Mubarak's intelligence chief joins race for Egypt presidency

Supporters-of--Omar-Sulei-008 The intelligence chief of Egypt's deposed leader Hosni Mubarak formally joined the race for the presidency on Sunday , a last-minute entrance that raises the heat in a contest pitting former regime figures against newly-assertive Islamists.

Omar Suleiman announced on Friday that he planned to run, saying overwhelming public pressure had stirred his sense of soldierly duty. He had needed to collect the signatures of 30,000 eligible voters by Sunday's deadline in order to take part.

Ecstatic supporters cheered behind lines of military police as Suleiman arrived at the office of the state election committee in Cairo. He then handed in his candidacy documents, state news agency MENA reported, citing a committee official.

Committee general secretary Hatem Bagato "acknowledged that the papers included certified backing from citizens above the minimum required, which is at least 30,000," the agency said.

Suleiman, whom Mubarak made vice president in the dying days of his three-decade rule, symbolises that era's tough security regime, making him a figure of hate to the young liberals who spearheaded Mubarak's overthrow last year but a possible draw for some Egyptians hoping for an end to political instability.

Supporters of the urbane, secretive 74-year-old jostled with the security forces protecting the building, causing some injuries and the main entrance was briefly closed.

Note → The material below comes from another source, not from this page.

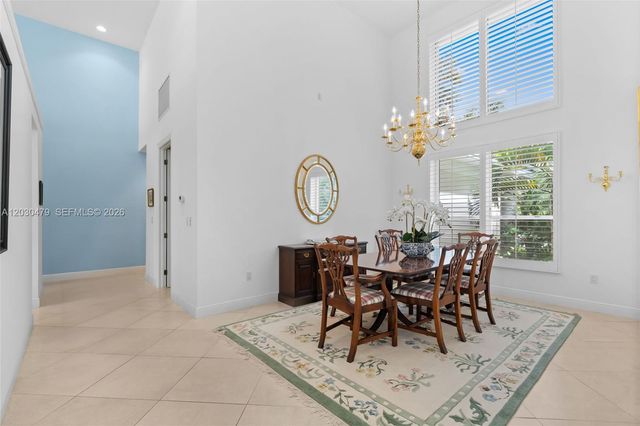 6020 W Suburban Drive, Pinecrest, FL 33156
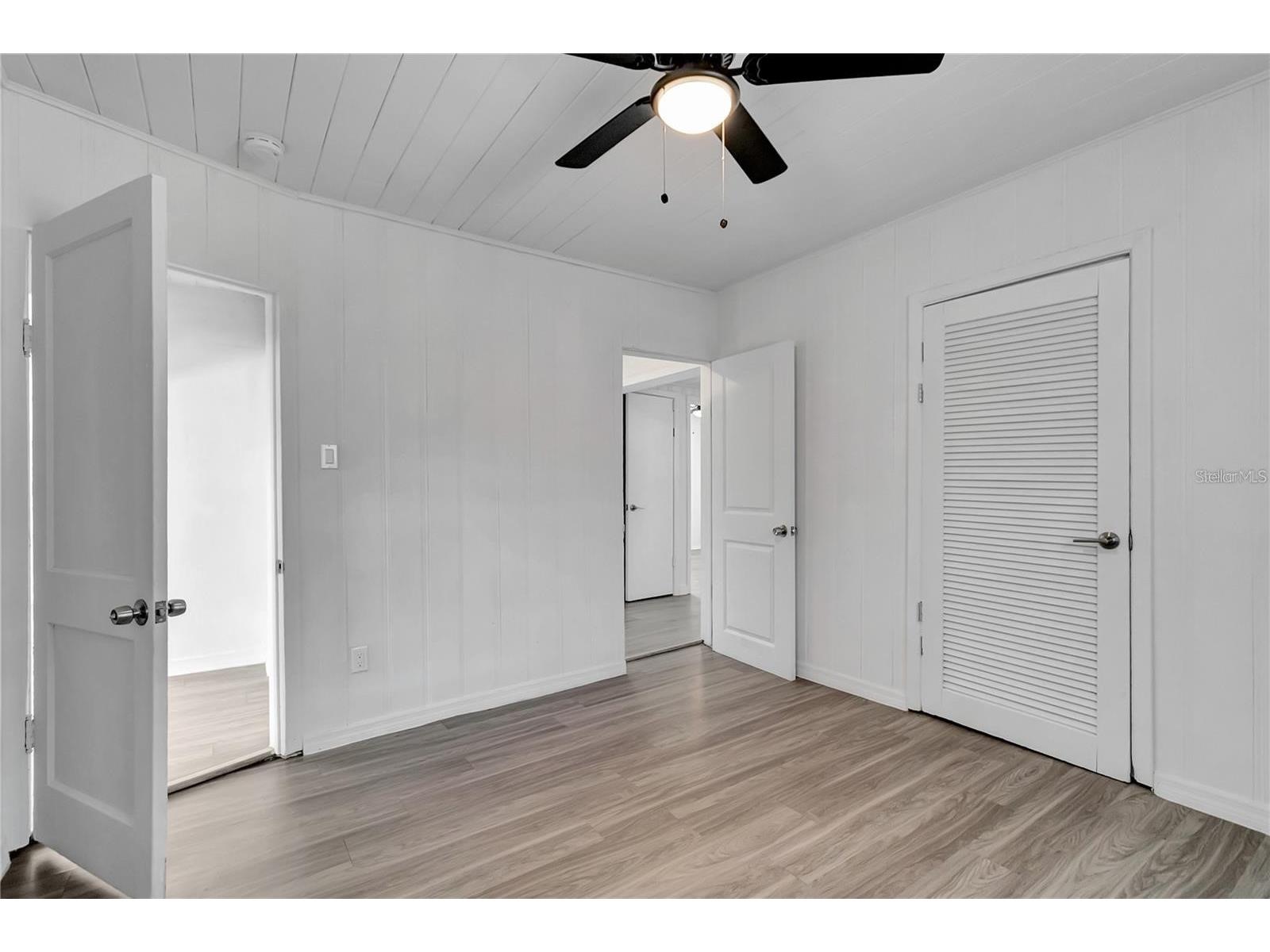 2701 N Fremont Avenue Tampa FL 33607 TB8495223 image15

Late additions to the candidate line-up and efforts to exclude some frontrunners from the job have shaken up Egypt's first free presidential vote due to be held in May and June.

Suleiman's arrival on the scene comes shortly after the Muslim Brotherhood, the Islamist movement long suppressed by his former boss, scrapped a pledge not to field a candidate and nominated its deputy leader Khairat al-Shater for head of state.

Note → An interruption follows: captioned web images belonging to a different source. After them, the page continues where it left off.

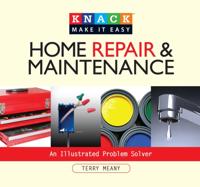 Knack: Make It Easy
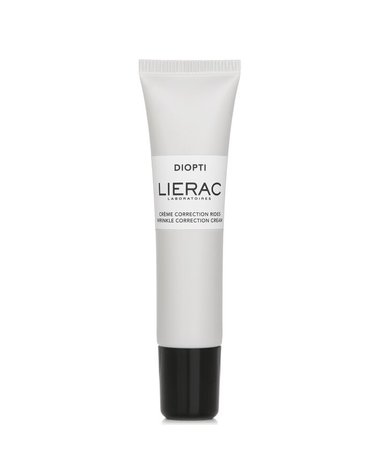 리에락 디옵티  보정 크림 15ml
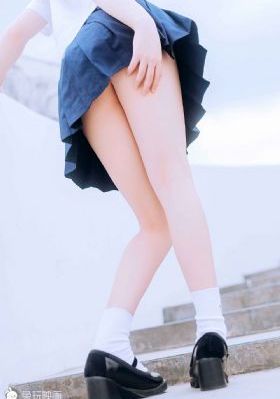 新妈妈的朋友韩国_1080完整版观看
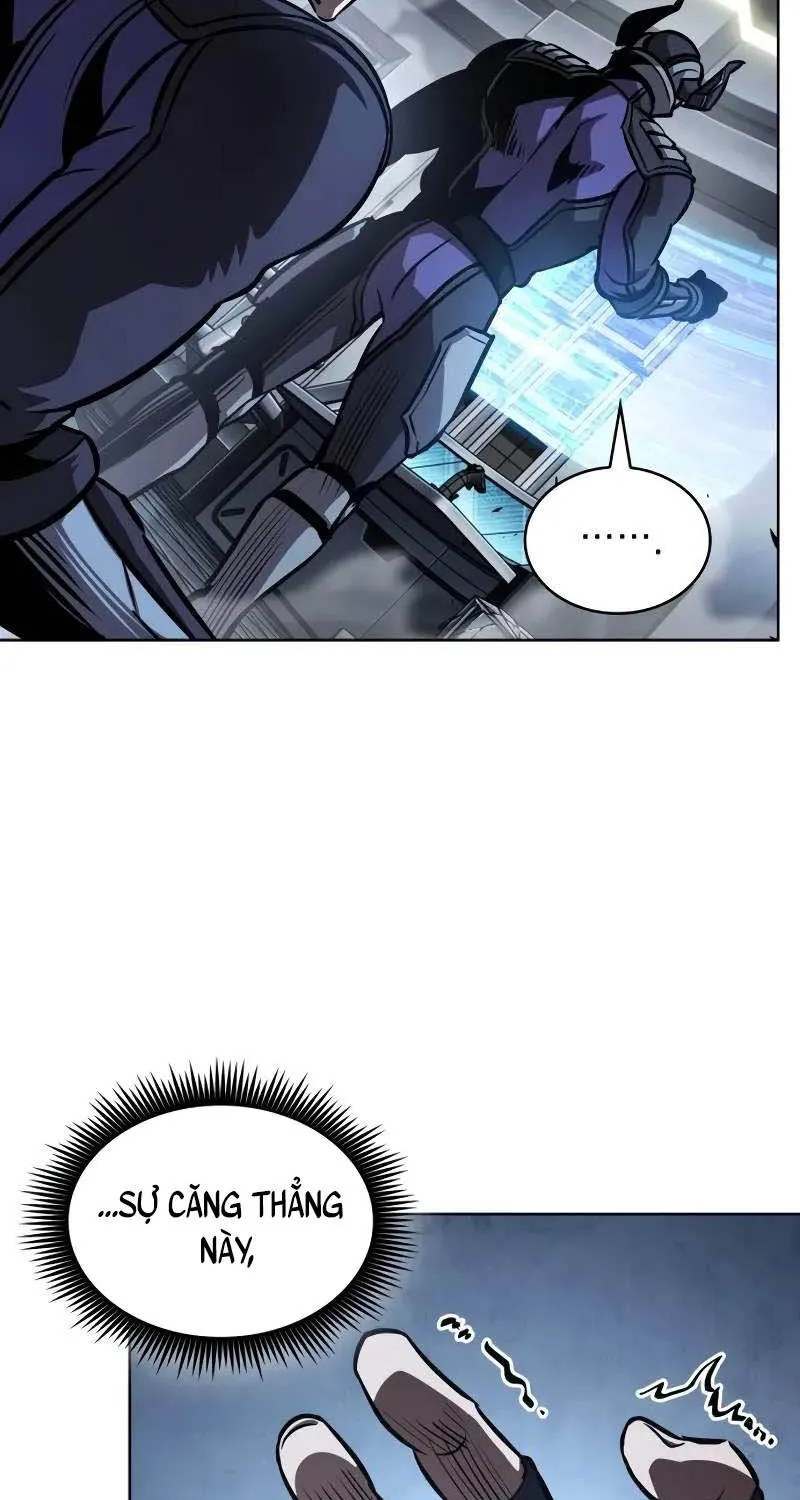 Ngã Lão Ma Thần - Chap 329 - Trang 23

The move has fuelled concern among liberals and many in Egypt's large Coptic Christian minority that the Brotherhood wants to monopolise the main institutions of state to push through a conservative Islamic agenda.

Another candidate, ultraconservative Hazem Salah Abu Ismail, is fighting attempts to bar him from the vote because of documents suggesting his mother held foreign nationality.

More than 21 candidates had submitted their registration papers by Sunday including Abu Ismail, former foreign minister and Arab League chief Amr Moussa and Mohamed Morsi, named this weekend as the alternative Brotherhood candidate in case Shater is forced to withdraw, the vote commission website said.

The victor must steer the Arab world's most populous country out of more than a year of precarious military rule even as the economy languishes and citizens grow impatient for dividends from an uprising driven by outrage at poverty and corruption.

The Brotherhood and other Islamists dominate parliament and a body drafting a new constitution that could curtail the broad powers enjoyed by decades of Egyptian presidents.